When eating octopus in restaurants, it’s usually just the tentacles that get dished up (or sometimes whole ‘baby’ octopus, often tangled up in seafood linguine). However, if you’re home-cooking octopus, you can be more adventurous. The eyes are said to be good deep fried, while the head – mainly the mantle and the siphon, which your fishmonger can direct you to – are allegedly the least chewy.

There’s an art to tenderizing octopus

Yes, octopus is undoubtedly chewy, but people tend to agree, you’re looking for a good kind of chewy, not a mouthful of rubber, so tenderizing is necessary. How chefs go about doing this differs wildly though. In Japan, it’s not unusual to massage octopus by hand, others douse it in salt, while some boil the creature in short bursts or chuck it repeatedly against a hard surface (your sink would do).

Quick cook or low and slow?

After tenderizing, it’s not uncommon to move onto simmering.
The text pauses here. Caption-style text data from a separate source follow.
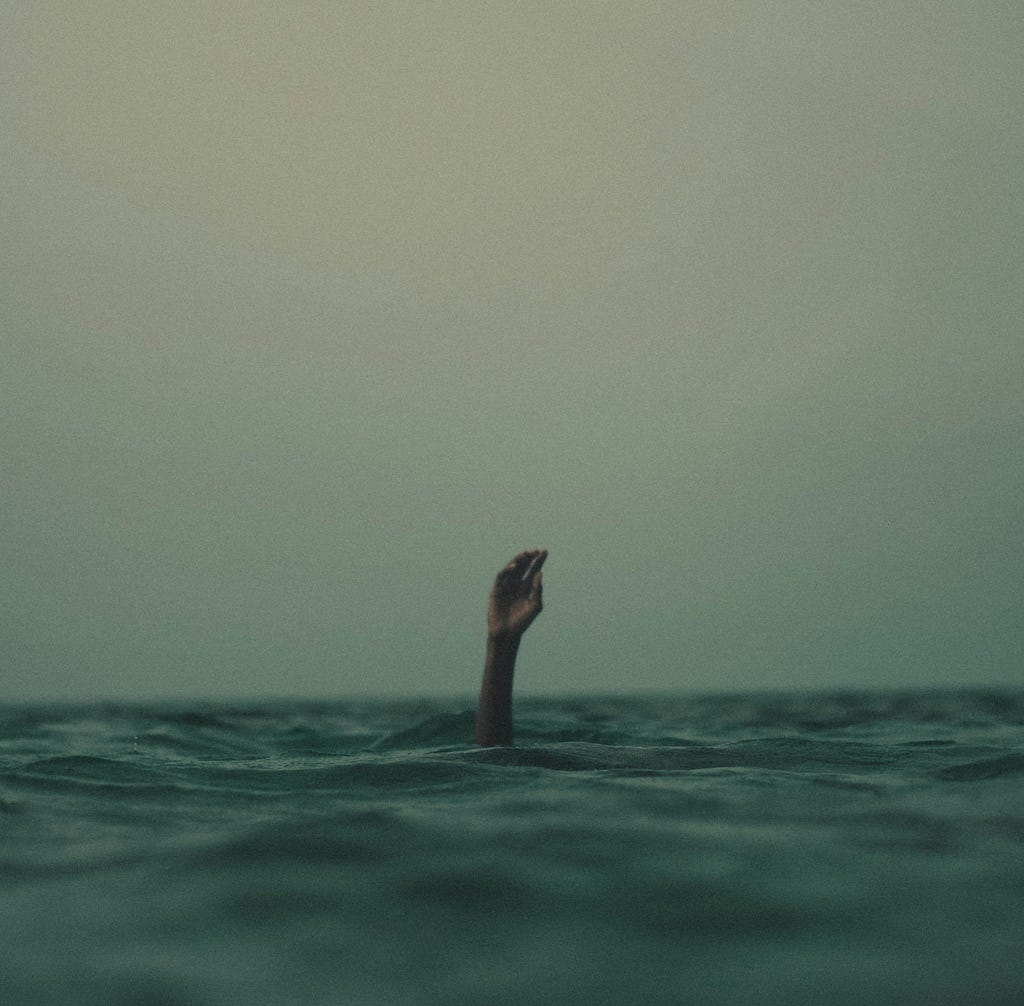 A person drowning in the water.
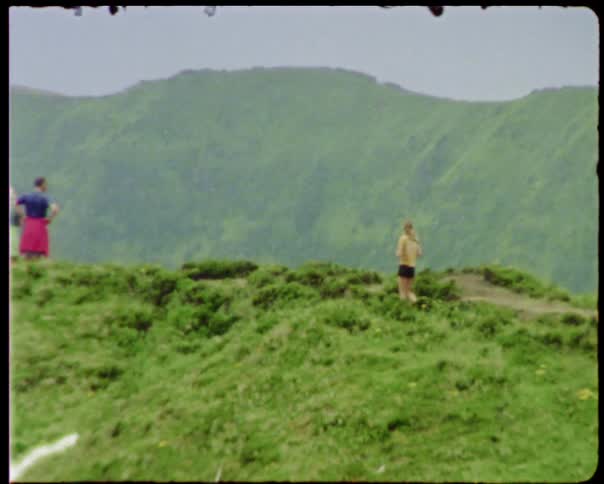 A woman on a hilltop walks towards a man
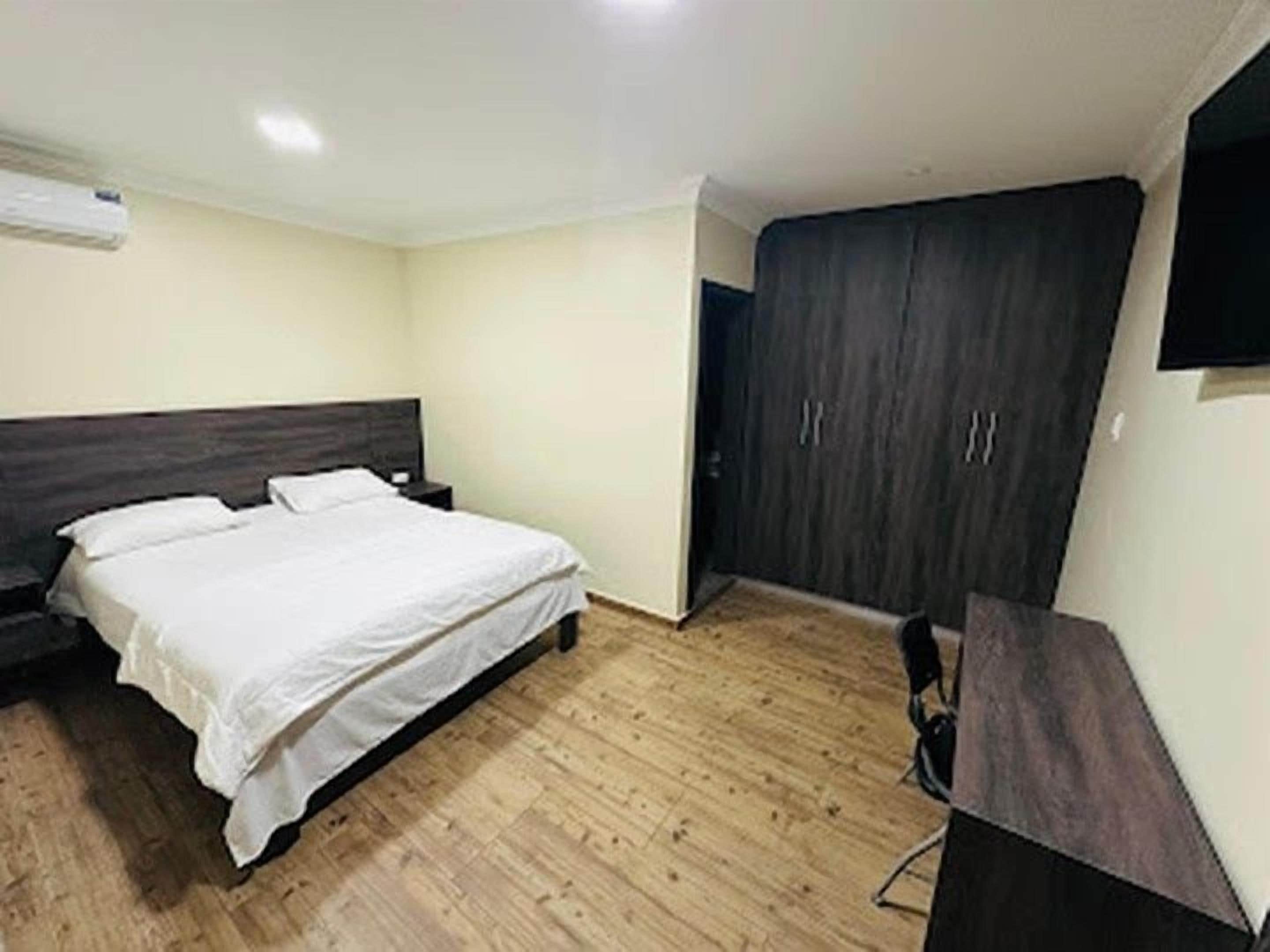 Un dormitorio con una cama, un armario y un escritorio.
For delicate octopus, an hour simmering in water or wine will leave it soft and juicy, and from there, you can either chuck it on the grill, swirl it into pasta, or turn your simmering liquid into a soup or broth. Alternatively, skip the simmering and flash-fry instead. A high heat and fewer than five minutes in the pan will give you hot and chewy (in a good way) octopus, perfect for quick, summery salads and sushi.